To be sure, this isn't purposeful; it isn't what the Finance Committee negotiators intend. Nevertheless, it's a major problem that Congress must fix before enacting a final health reform bill.

The provision in question tries to address one of the biggest challenges in health reform: how to expand coverage to the uninsured without jeopardizing coverage for those who already have it. If the government provides low- and moderate-income people with subsidies to help them buy health insurance (as it would under all of the major proposals before Congress), employers might stop offering coverage to their workers on the theory that workers could buy it on their own.

That would drive up the cost of health care reform further, since many of the people who'd lose employer-sponsored coverage would need government subsidies to afford coverage on their own.

To avoid these problems, the health reform bill that three House Committees have approved -- as well as the bill that the Senate Health, Education, Labor, and Pensions (HELP) Committee recently passed -- would require employers that don't offer health coverage to pay a fee based on the total number of workers they have or the size of their total payroll.
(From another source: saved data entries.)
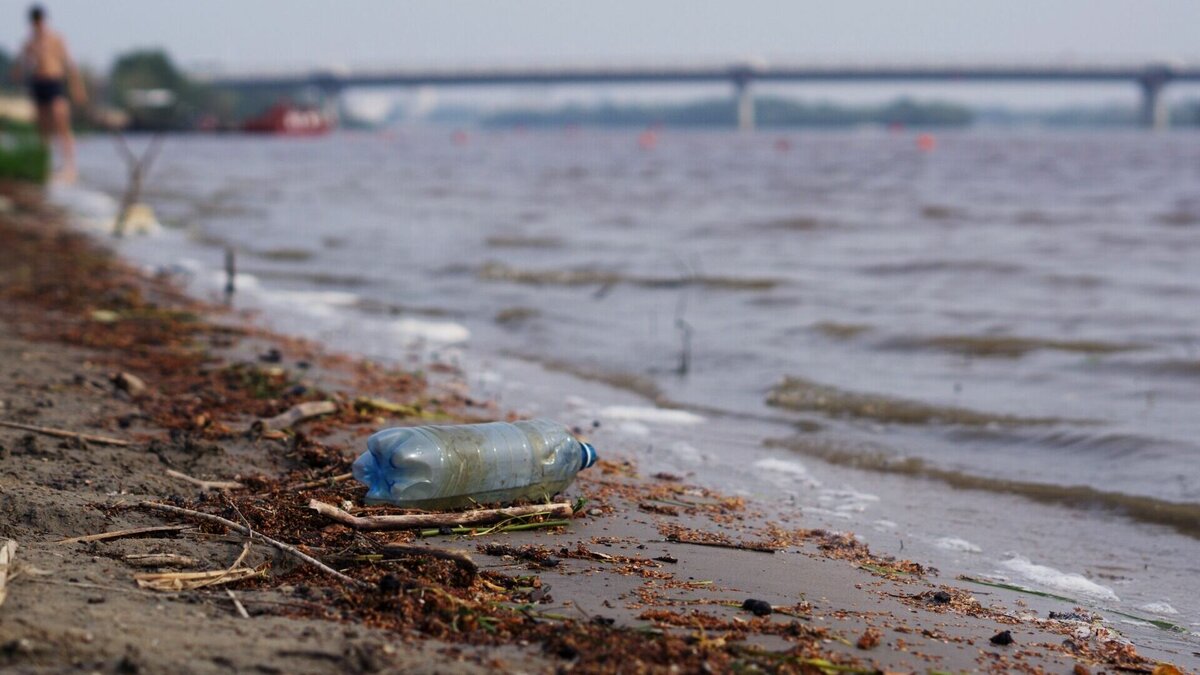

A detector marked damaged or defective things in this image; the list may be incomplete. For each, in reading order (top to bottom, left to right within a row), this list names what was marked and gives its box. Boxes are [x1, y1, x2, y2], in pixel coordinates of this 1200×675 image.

small broken stick [0, 420, 131, 446]
small broken stick [164, 470, 244, 492]
small broken stick [310, 500, 572, 532]
small broken stick [57, 524, 189, 548]
small broken stick [139, 500, 368, 588]
small broken stick [0, 540, 16, 608] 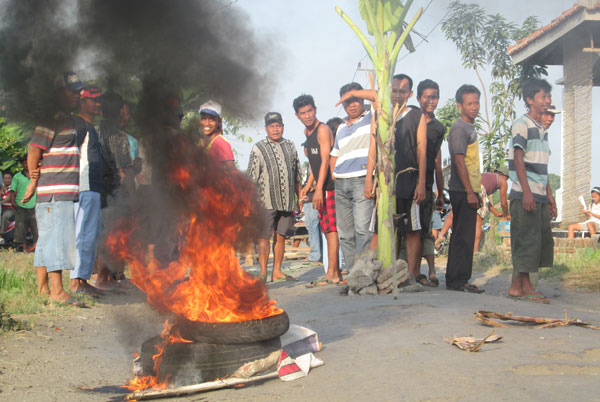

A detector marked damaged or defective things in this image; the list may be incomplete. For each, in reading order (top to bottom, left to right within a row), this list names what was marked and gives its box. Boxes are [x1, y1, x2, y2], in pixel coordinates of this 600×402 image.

damaged road [1, 260, 600, 400] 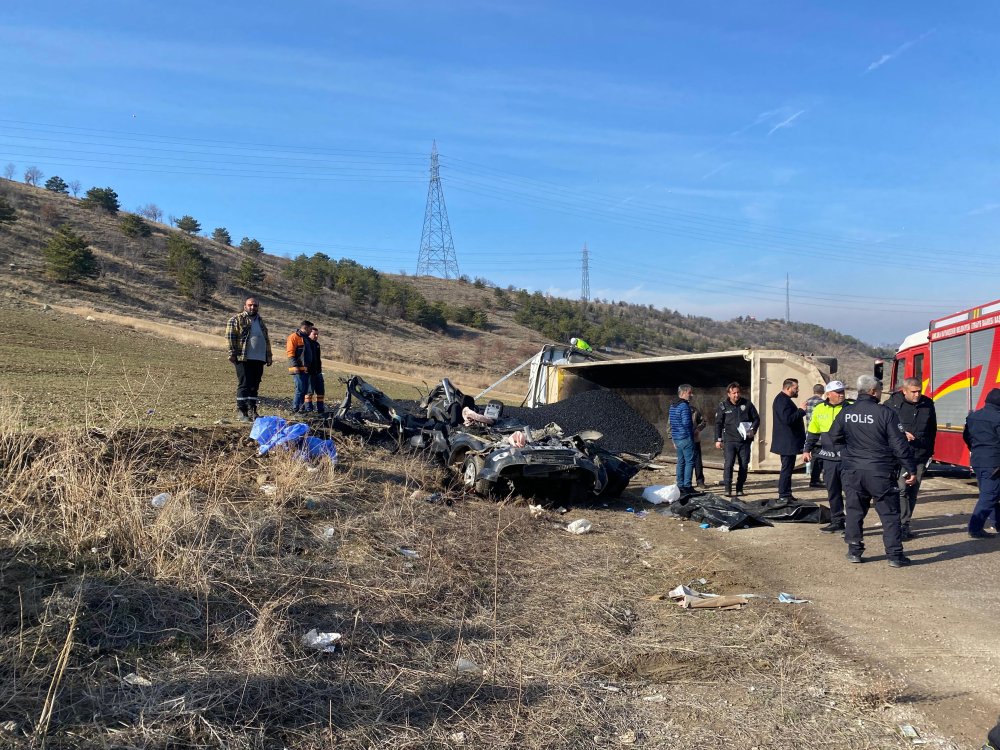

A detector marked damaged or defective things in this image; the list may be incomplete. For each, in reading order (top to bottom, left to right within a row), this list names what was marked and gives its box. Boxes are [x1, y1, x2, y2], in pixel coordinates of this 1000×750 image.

overturned truck [532, 350, 836, 472] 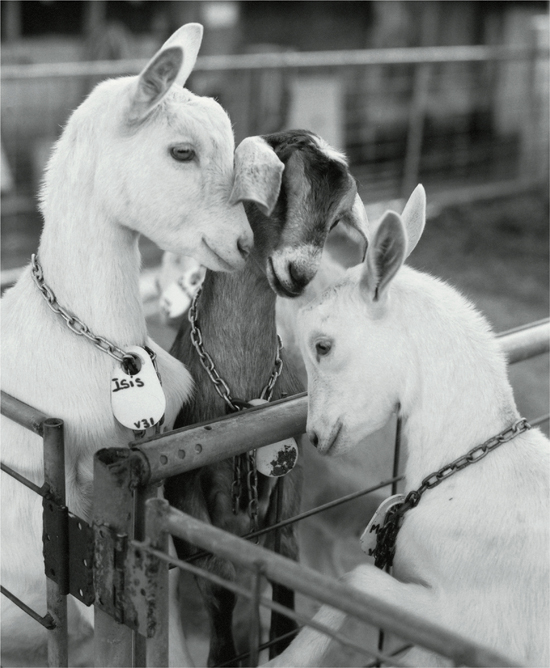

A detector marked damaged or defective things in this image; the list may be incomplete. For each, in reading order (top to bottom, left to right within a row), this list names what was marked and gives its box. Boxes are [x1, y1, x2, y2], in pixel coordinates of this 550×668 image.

That would give employers an incentive to continue offering coverage. (Smaller employers would be exempt.)

The Senate Finance Committee negotiators have adopted an employer requirement as well, but theirs is radically different: employers that don't offer coverage would have to pay the average subsidy cost per person for all of their workers who use subsidies to buy coverage. People would qualify for subsidies if their family income is less than three times the poverty line, or roughly $55,000 for a family of three.

Basically, instead of paying a modest fee per worker based on the size of their full workforce (as under the House and Senate HELP proposals), employers that don't offer coverage would pay much larger amounts per worker but for only part of their workforce. This would effectively divide workers into two classes -- those who qualify for federal subsidies and those who don't -- and give employers a powerful incentive not to hire workers in the first group.

To see why, imagine that an employer that doesn't offer health coverage has two applicants for the same job; one is a single mother, while the other has a spouse with a good income. The single mother, with little family income other than her earnings, qualifies for federal health subsidies, while the married worker doesn't need subsidies because she has coverage through her spouse (and wouldn't qualify for subsidies anyway because her or her spouse's combined wages put them at a considerably higher income level). Under the "free-rider" provision, the employer would have to pay up to several thousand dollars each year to cover the single mother's subsidies, but wouldn't have to pay a penny toward the married worker's health costs.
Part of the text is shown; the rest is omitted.